I bring this up because Jim Morrison’s Light My Fire has been worming around in my ear for about half an hour now. It started when Barbara told me that, while I was away for the weekend attending the memorial service in St Louis of my oldest and dearest cousin, the 95-year-old Allan Brennecke, she had discovered a sleep-tonic even more efficient than mindfulness tapes and l reruns of As Time Goes By: Rick Steves’ audio walking tours. She said she especially enjoyed the one on Père Lachaise in Paris where the graves of Jim Morrison and Oscar Wilde continue to draw the biggest crowds of all the famous people (Gertrude Stein, Isadora Duncan, Sarah Bernhardt) who make their eternal home there.
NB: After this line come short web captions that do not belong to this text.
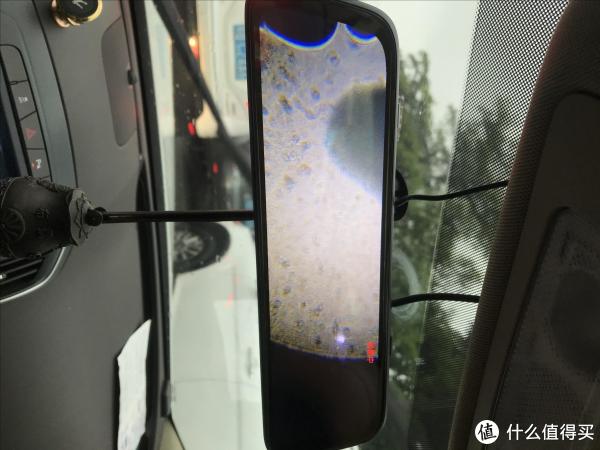 台风天，暴雨，有水滴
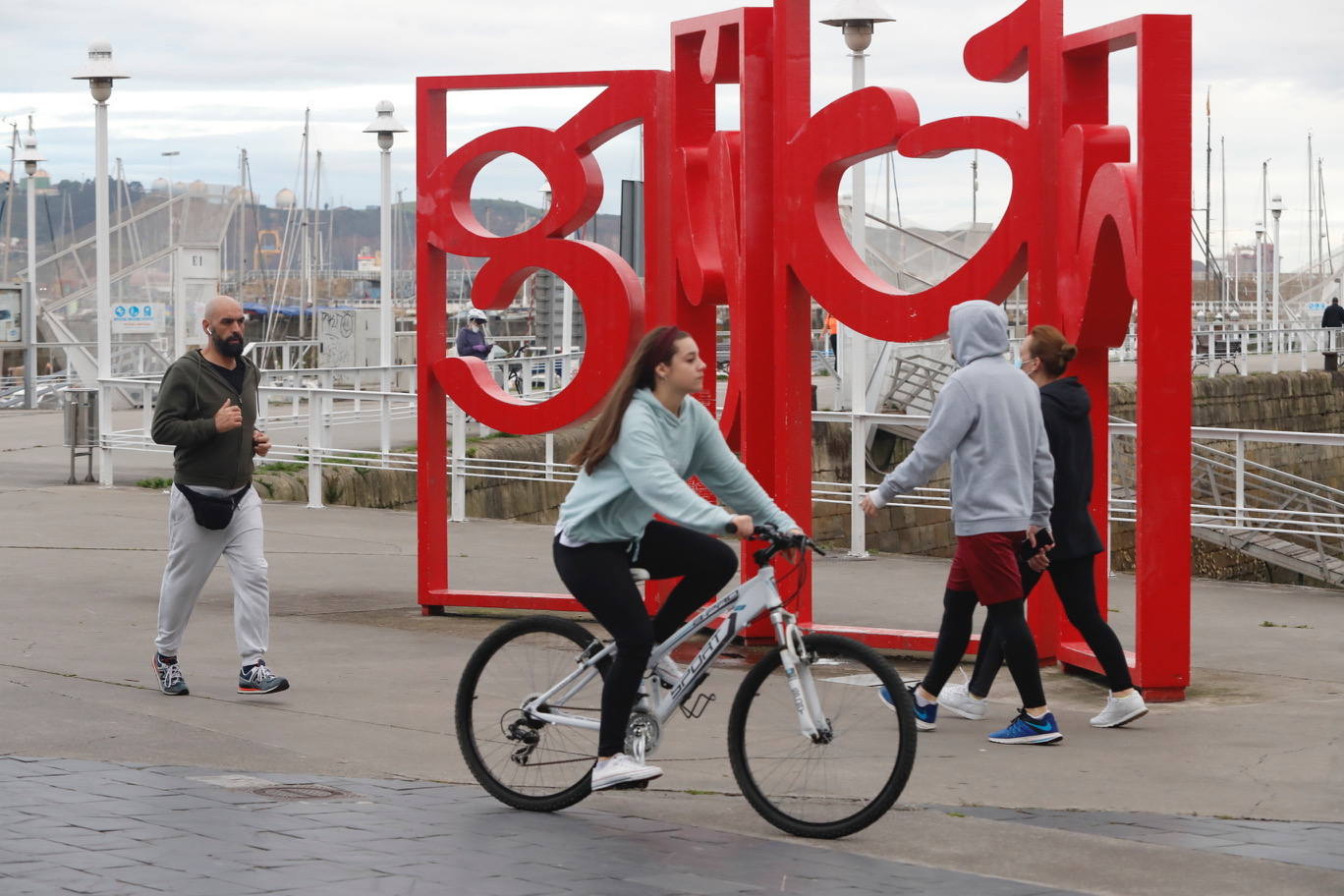 Desde las 6 de esta mañana, deportistas y paseantes reconquistaban las calles, paseos y playas tras más de 40 días confinados.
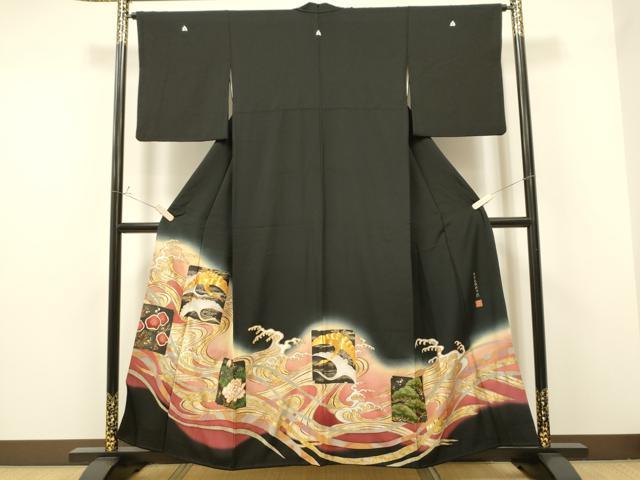 平和屋着物●世界的ファッションデザイナー 山本寛斎 kansaiブランド 黒留袖 駒刺繍 流水色紙琳派図 暈し染め 金銀彩 正絹 逸品 CAAR1258hy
Père Lachaise came up in our conversation, not because I was looking for a sleeping tonic but because, while in St Louis, I had visited another fine old cemetery, Bellefontaine, in search of the graves of my great-great-grandparents Thomas Pemberton Martin and Catherine Kuhne Martin. It took me a while to find them. The cemetery lacks the digital printout maps of a place like Green-Wood in Brooklyn, and the Martin stone is quite simple and plain, but it’s in a good neighborhood. Sarah Teasdale is just across the road and William Clark, of Lewis and Clark, is just around the corner. Teasdale won the first Pulitzer Prize for Poetry and, in 1967, a musical version of one of her poems was recorded by Pearls Before Swine which is what I’m listening to right now and is already worming its way in. Good Song.
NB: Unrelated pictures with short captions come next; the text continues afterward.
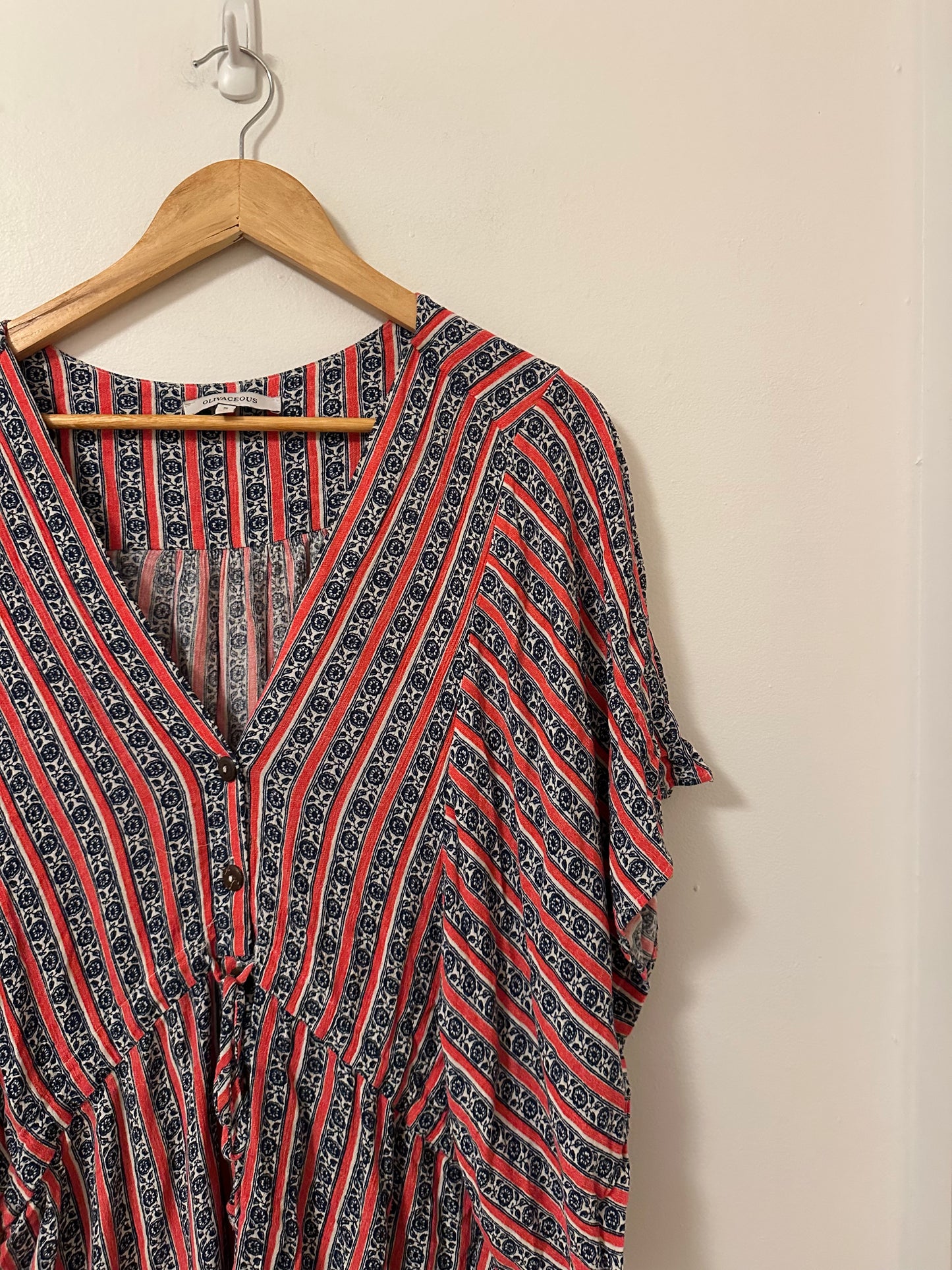Olivaceous Tie Waist Red Printed Boho Blouse | Size Small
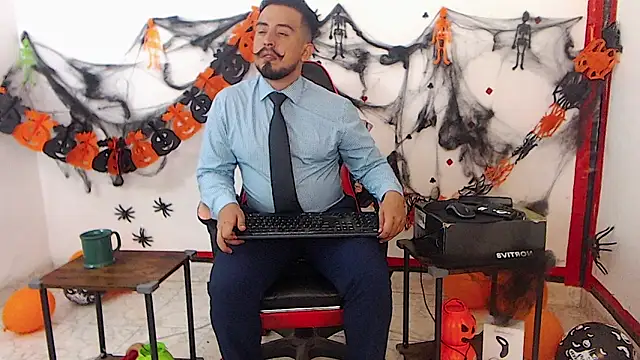 Snapshot of KalethBigDick chatting on 10.23.25 KalethBigDick online show from 10.23.25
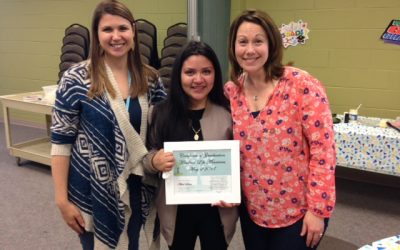 Meet Graduates Abril and Ashley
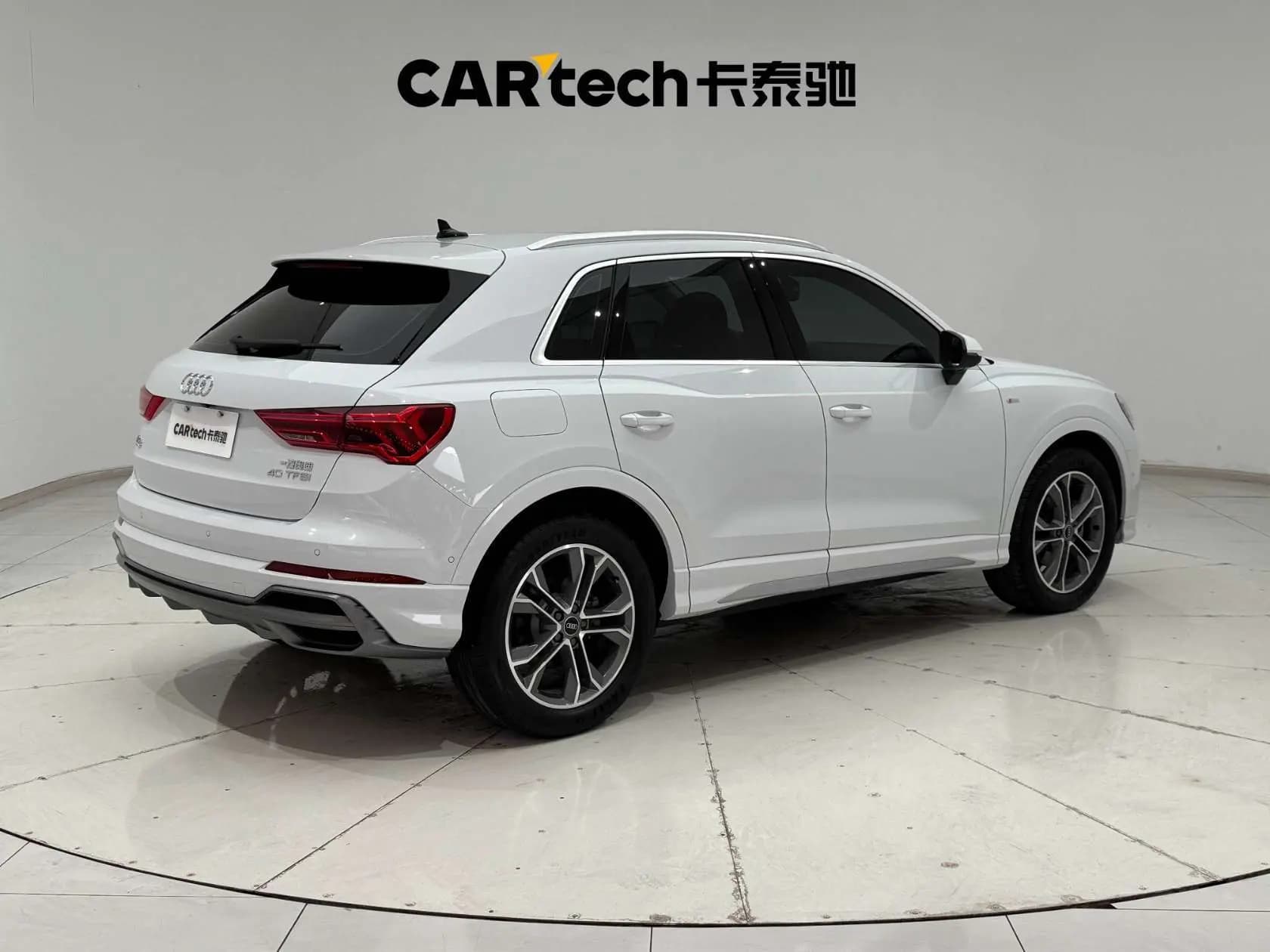 Audi Q3 2021 г. 59133 км. — фото 12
From the additional information I gleaned from the Martin headstone, I had a fine time playing on Ancestry.com on my way home, and by the end of my much-delayed flight, I was able to trace this particular branch of the family back to one John Vaughan, born in Wales in 1611. My favorite new ancestor’s name: John’s great-granddaughter and my great, great, great, great, great grandmother Dicey Vaughan, born in Virginia in 1756. I have all these new names, but at least for now nothing to fill out their stories but dates of birth and sometimes death and where they lived for some part of their lives. As my friend Lis Orion says, “we’re all just drops in the ocean.” We’re here and then we’re gone, alive for a while in the memories of people of knew us, then contained perhaps in a few passed down family stories, then a name and a few dates and places and then just a name. And in the words of my new earworm Sara Teasdale and Pearls Before Swine’s I Shall not Care:
When I am dead and over me bright April
Shakes out her rain-drenched hair,
Tho’ you should lean above me broken-hearted,
I shall not care.
As you may know, these letters have a way of getting away from me as the mind worm of my brain takes off on its own and incessantly insists I go along for the ride it’s once again taking me on.
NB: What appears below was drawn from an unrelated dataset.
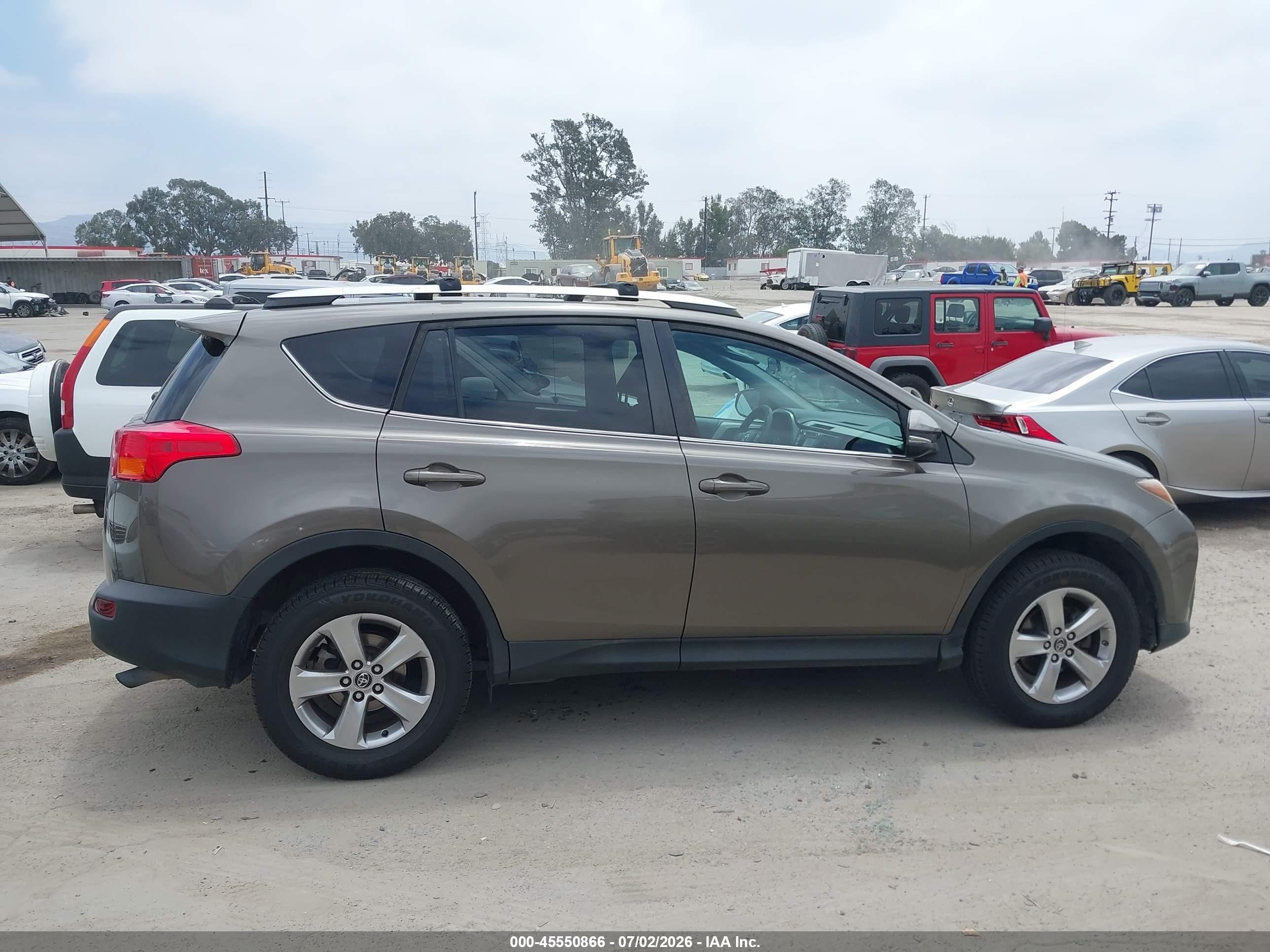 2015 Toyota Rav4 Xle Коричневый vin: 2T3WFREV7FW186741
Art is that way too. Sometimes the artist just grabs hold of the tail of the comet and goes for the ride. Michelangelo said his greatest contribution to his sculptures was picking out a good chunk of marble. Then he would start chipping away at it and the masterpiece that was there all the time would slowly reveal itself. Brecht wrote Mother Courage in what the old-time Broadway guys call the “white heat,” that time during the out of town tryouts when deadly second acts would be turned into masterpieces of American comedy writing in a few all-night writing sessions in Atlantic City. Brecht wrote Mother Courage in seven weeks. Two drafts, no other rewrites. He had no collaborators and only did those two drafts. The war tensions were increasing across Europe and he intended that Mother Courage would be a cry of warning and defiance emanating simultaneously from all the great stages of Europe. But as he was forced to admit, ‘War travels faster than the truth.” And the play was not performed until it premiered in Zurich, in neutral Switzerland, in 1943. He meant it as a political statement, a great anti-war play, and that has remained as its reputation so embedded that it’s almost as if the title were Brecht’s Great Antiwar Play Mother Courage.
After eight months of concentrated work on our adaptation of the text, I can tell you that it is so much more. To call it an antiwar play is like reducing Death of a Salesman to a Great Anti-Capitalism Play. The war is a character for sure, but the play, if it must be reduced to a simple sentence, is: Mother Courage is about a woman struggling to keep her family safe in a world that is overwhelming in its opposition. A world very much like our own. And it’s a reminder to “we who have come after” that this struggle against the odds is what the bravest of humans have somehow always managed to do in a world that makes no rational sense. And we are filled with wonder that human beings have been able to make as much sense of it as they have.
And that’s what’s on my mind today Tuesday, November 10, 2020.